(Updated at 4:20 p.m.) A state-level push to ease restrictions on accessory residential units could put Fairfax County at odds with one of its own senators.
The proposed Senate Bill 304 from state Sen. Saddam Salim (D-37) would require localities to permit accessory dwelling units (ADUs) in residential districts and prohibit them from setting certain conditions, including the provision of dedicated parking for the unit.
Fresh off a primary upset of longtime senator Chap Petersen and a comfortable general election victory over Republican Ken Reid, Salim says he’s “proud” to sponsor the bill in his first term representing the 37th Senate District, which includes Tysons, Vienna, Merrifield, Oakton and the cities of Fairfax and Falls Church.
The legislation was crafted “to help Virginians with the skyrocketing cost of housing,” he told FFXnow in a statement. Filed on Jan. 9, the bill was referred to the Senate’s committee on local government, which met this morning (Monday) but didn’t list this on its docket.
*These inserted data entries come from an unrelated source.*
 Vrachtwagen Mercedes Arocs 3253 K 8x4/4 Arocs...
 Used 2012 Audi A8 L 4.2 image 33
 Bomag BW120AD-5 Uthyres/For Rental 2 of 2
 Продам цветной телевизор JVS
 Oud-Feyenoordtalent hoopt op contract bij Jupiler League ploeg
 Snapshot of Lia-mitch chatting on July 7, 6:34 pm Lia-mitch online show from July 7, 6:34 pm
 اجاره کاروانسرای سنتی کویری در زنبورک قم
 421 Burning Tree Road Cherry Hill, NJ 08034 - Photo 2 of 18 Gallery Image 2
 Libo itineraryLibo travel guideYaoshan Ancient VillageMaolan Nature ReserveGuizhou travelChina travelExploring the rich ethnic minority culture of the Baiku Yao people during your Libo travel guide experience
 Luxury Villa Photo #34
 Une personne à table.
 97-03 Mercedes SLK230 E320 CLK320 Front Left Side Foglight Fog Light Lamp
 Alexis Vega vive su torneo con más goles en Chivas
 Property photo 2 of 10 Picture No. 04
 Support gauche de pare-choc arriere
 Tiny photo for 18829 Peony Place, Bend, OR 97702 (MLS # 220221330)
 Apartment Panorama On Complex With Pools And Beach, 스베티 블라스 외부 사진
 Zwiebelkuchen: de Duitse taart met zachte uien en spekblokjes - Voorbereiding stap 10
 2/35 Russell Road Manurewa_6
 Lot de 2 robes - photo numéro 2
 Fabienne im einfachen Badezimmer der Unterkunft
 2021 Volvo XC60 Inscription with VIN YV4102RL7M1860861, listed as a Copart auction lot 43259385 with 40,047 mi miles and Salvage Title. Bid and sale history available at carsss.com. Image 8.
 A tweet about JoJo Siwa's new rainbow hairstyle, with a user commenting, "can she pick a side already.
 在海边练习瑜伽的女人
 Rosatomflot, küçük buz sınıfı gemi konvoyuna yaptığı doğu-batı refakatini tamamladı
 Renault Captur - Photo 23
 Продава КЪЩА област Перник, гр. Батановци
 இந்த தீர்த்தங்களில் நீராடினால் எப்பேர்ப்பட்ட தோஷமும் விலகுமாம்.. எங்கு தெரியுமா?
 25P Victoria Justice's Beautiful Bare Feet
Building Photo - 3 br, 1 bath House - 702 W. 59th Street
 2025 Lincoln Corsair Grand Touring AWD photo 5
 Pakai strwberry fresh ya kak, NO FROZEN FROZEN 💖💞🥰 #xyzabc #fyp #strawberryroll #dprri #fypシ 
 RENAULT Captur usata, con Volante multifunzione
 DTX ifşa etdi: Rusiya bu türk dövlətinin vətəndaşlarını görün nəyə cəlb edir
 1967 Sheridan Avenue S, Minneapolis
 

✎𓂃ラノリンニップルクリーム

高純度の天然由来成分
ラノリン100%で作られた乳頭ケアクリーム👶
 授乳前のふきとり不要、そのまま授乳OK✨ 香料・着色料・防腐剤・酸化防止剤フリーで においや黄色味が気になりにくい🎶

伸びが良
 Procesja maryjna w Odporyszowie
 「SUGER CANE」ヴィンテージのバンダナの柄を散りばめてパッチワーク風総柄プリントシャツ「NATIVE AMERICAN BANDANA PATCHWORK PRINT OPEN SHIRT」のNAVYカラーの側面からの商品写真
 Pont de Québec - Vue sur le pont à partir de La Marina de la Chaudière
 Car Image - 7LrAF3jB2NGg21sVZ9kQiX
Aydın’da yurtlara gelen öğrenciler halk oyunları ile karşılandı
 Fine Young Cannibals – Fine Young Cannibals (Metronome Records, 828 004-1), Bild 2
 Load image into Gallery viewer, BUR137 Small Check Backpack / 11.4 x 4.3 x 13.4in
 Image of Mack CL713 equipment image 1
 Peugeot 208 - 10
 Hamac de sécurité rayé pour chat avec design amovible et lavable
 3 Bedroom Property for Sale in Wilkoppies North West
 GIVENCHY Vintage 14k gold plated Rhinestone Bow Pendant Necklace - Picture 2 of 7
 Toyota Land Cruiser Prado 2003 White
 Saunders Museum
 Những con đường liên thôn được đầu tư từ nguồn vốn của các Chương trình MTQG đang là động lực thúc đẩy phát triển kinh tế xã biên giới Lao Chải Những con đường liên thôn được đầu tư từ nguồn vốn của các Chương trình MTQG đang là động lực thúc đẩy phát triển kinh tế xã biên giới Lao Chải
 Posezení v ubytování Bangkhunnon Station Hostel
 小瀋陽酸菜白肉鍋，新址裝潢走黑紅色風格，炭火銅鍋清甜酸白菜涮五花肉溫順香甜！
“I have heard from so many Virginians who are being priced out of our communities due to a shortage of diverse and creative housing options,” Salim said. “This bill promotes housing affordability and addresses the growing housing crisis by taking action to increase our housing stock. ADUs provide additional living spaces, accommodating diverse housing needs without the need for extensive new construction.”
Defining an ADU as an independent, secondary unit on a single-family lot with its own living, bathroom and kitchen space, the bill would bar localities from requiring a special permit for the units, which must instead be permitted in residential districts as an accessory use. In Fairfax County, that means they would be generally permitted with only an administrative review.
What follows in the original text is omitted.